Social Media Listening: What Are Your Customers Saying About You?
Conversations are going on about your brand and company—whether you’re participating in them or not. You have to stay tuned in to what people are saying about you so you can not only respond, but also better understand your customers, developing trends and problems brewing.
When reading social media posts and blogs, it may be difficult to know what’s really being said. Written comments are the hardest to decipher since there’s no tone of voice, facial expression or body language to help you interpret the meaning.
It’s important that you:
- Read between the lines when you’re monitoring your social media
- Reread the message several times to ensure understanding—this is a must
- Ask yourself if it makes sense the way it is written, or did the writer really mean
Eight Steps to Successful Social Media Monitoring
1. Define an objective: “I want to monitor to be sure we address all dissatisfied customers”
2. Choose where to monitor: Where do your customers hang out?
4. Triage: You should be reading all the social media messages that concern you and your business so that you can focus on what’s most important to address
5. Develop a plan: When a blogger raves about your product or service, how do you work it so both parties benefit? How do you deal with irate customers?
6. Involve others: Plan who in your organization will be involved (and how) in various customer interactions (product questions, customer service questions, etc.) and how their input will be disseminated to the customer
7. Listen first: You’ve found the community your customers frequent. But don’t jump in immediately and start plugging your product. Listen and observe the culture and rules before you speak and get to know the members.
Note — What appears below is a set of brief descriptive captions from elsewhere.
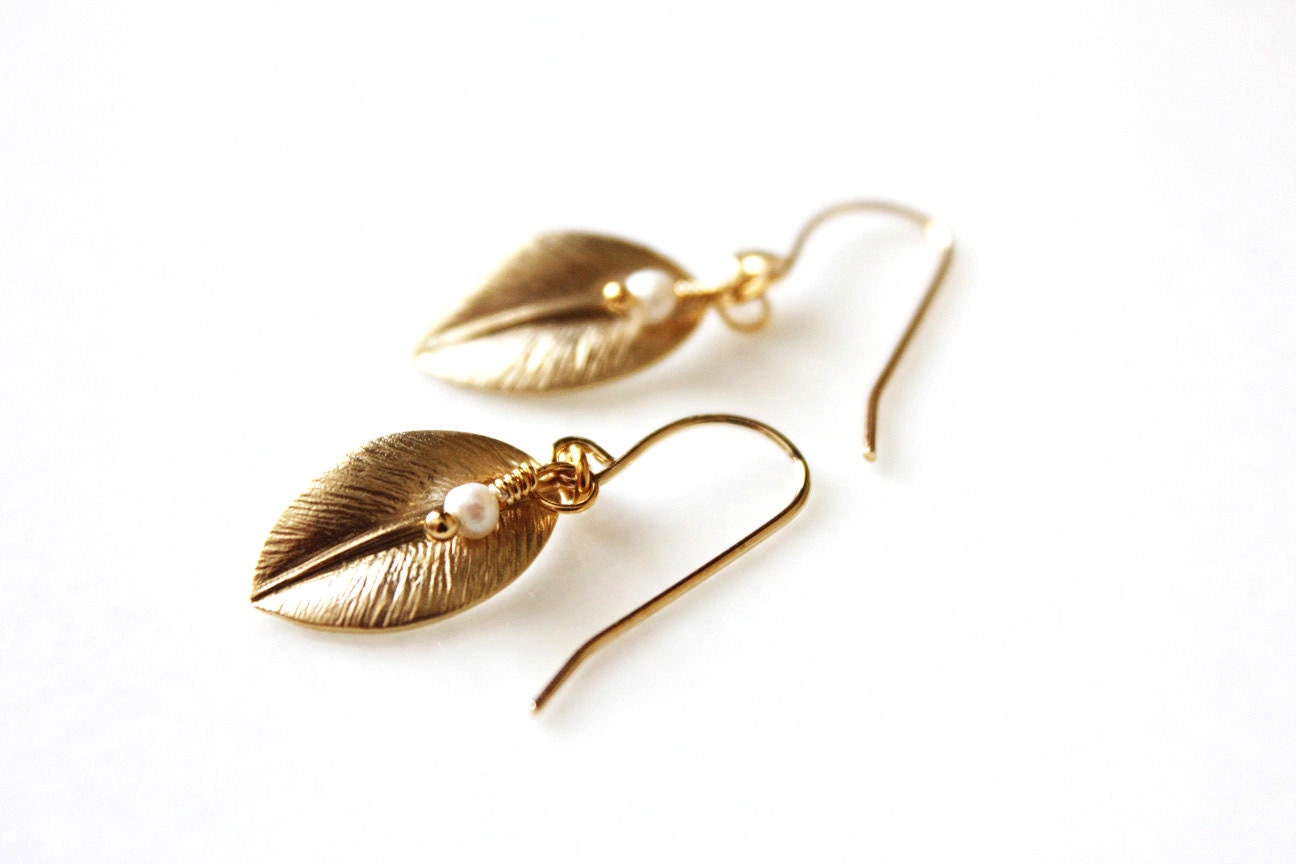 Gold & Pearl Leaf Earrings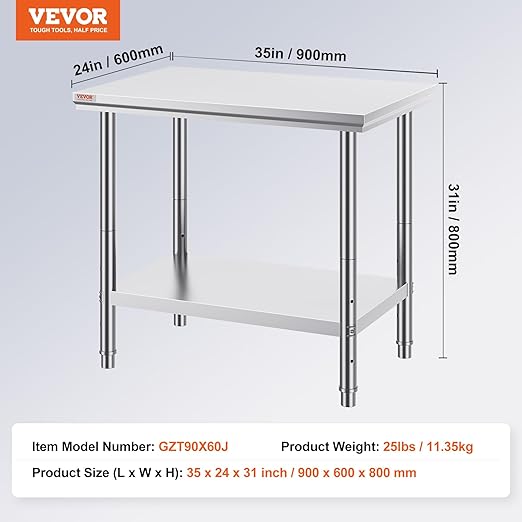 Vevor Stainless Steel 900x600x800 mm Commercial Kitchen Prep & Heavy Duty Metal Work Table with Adjustable Feet for Restaurant, Home and Hotel : Industrial & Scientific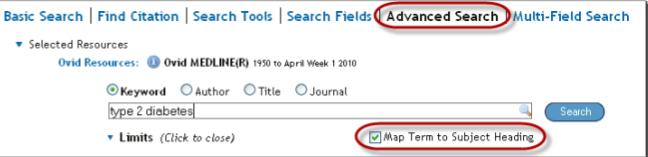Example search in Ovid Medline گیگاپیپر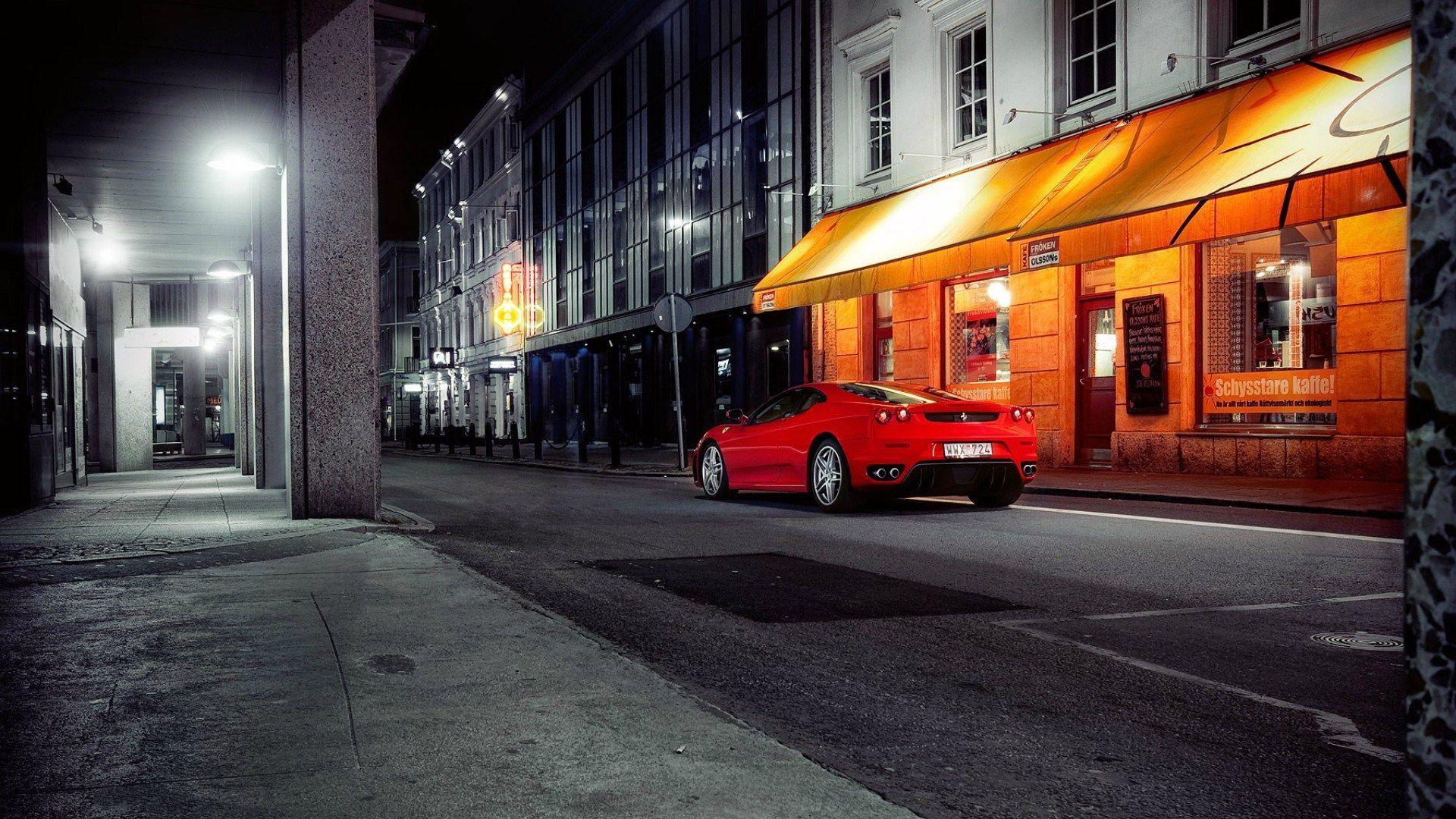 berlin ferrari f430 red city night street wide HD wallpaper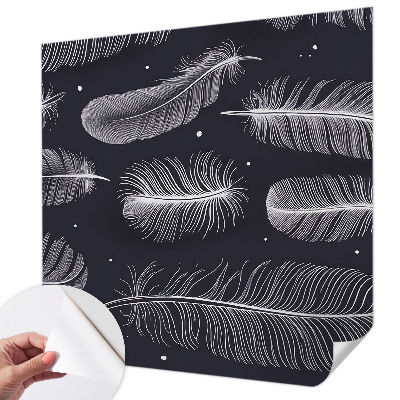 Self-adhesive wall mural with a subtle feather pattern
8. Participate in inbound and outbound conversations: Outbound means that you’re participating in discussions within your area of expertise. Inbound means people have contacted you with a specific question or request for help. They may be leaving feedback or compliments.
Select the right tools for your strategy: Your list of what you need in a monitoring tool is driven by your objective in Step #1. Deciding the type of data you need to reach your business objective will help you understand whether you need analytics, historical data, charting capabilities, integration with existing systems, free or paid, etc. You’ll want to do a lot of homework.